- **WHAT TO WORK ON**: Start at the line in the entries below that contains "Living Room in", stop at the line that contains "Carcasa Oficial Disney", and output exactly the lines in that span, both ends included.

Start of DATA FOR THE TASK

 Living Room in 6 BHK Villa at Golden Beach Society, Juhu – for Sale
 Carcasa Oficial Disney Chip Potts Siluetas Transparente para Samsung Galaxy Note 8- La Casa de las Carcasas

End of DATA FOR THE TASK
Start of DATA FOR THE TASK

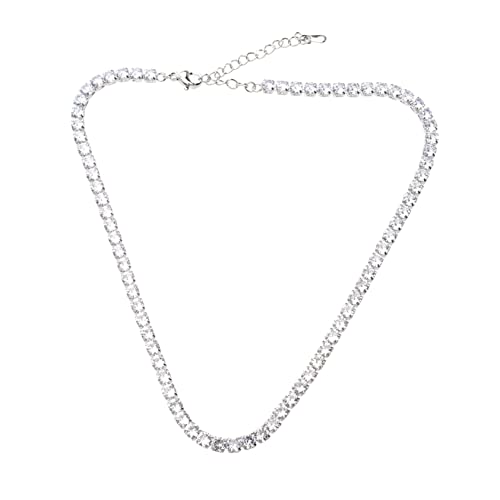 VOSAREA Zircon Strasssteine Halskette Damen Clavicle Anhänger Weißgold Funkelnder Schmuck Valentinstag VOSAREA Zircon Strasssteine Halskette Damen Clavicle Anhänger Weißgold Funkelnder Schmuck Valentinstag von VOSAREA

End of DATA FOR THE TASK

- **EXERCISE RESPONSE**:
 Living Room in 6 BHK Villa at Golden Beach Society, Juhu – for Sale
 Carcasa Oficial Disney Chip Potts Siluetas Transparente para Samsung Galaxy Note 8- La Casa de las Carcasas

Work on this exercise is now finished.